(EXERCISE): Find the line with "Denuncian al diputado" in the records below. Copy it and every line after it, up to and including the line with "Panitia dan peserta".

==== PROVIDED RECORDS ====

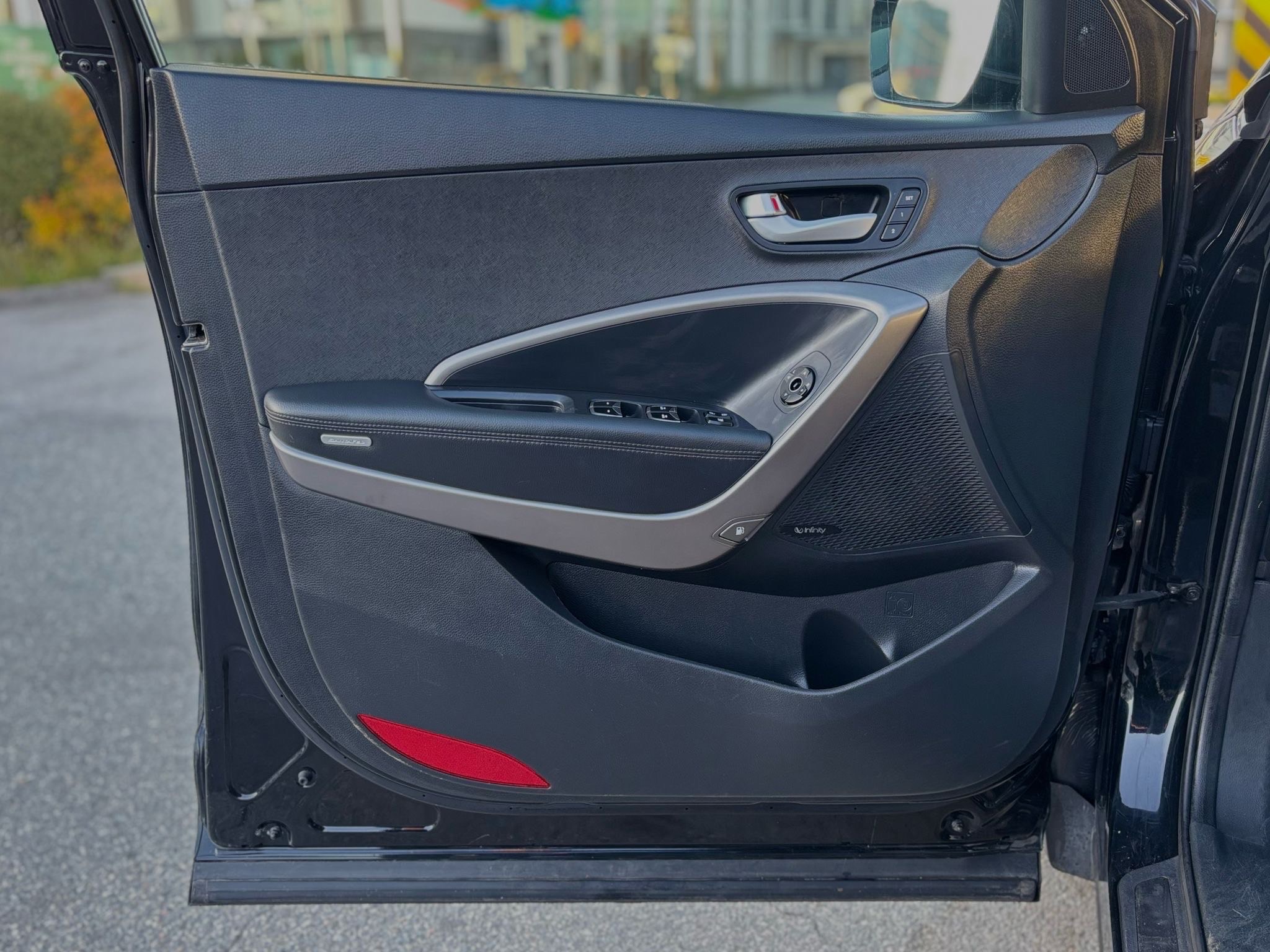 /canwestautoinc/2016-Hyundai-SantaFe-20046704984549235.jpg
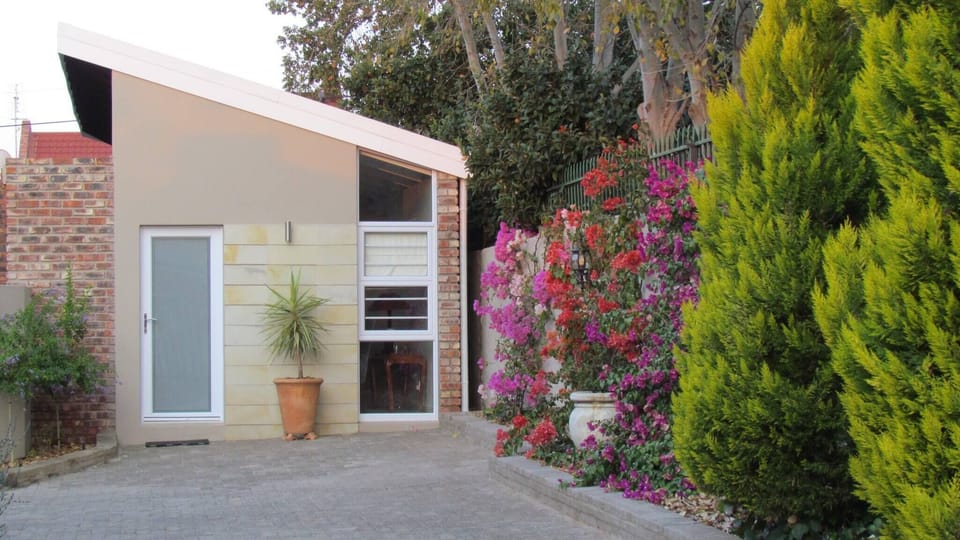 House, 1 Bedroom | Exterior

====
==== PROVIDED RECORDS ====

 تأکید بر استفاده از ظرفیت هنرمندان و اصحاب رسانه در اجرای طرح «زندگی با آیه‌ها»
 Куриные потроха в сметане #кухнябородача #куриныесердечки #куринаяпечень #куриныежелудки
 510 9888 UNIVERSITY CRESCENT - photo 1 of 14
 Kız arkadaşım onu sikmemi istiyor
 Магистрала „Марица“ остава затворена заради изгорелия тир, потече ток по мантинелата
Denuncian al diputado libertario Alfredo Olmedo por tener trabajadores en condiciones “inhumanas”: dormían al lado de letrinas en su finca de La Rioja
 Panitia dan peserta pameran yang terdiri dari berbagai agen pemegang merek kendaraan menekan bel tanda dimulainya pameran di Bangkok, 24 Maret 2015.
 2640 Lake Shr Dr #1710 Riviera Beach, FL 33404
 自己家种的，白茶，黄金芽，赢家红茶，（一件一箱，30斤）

====

(ANSWER TO THE PROBLEM):
Denuncian al diputado libertario Alfredo Olmedo por tener trabajadores en condiciones “inhumanas”: dormían al lado de letrinas en su finca de La Rioja
 Panitia dan peserta pameran yang terdiri dari berbagai agen pemegang merek kendaraan menekan bel tanda dimulainya pameran di Bangkok, 24 Maret 2015.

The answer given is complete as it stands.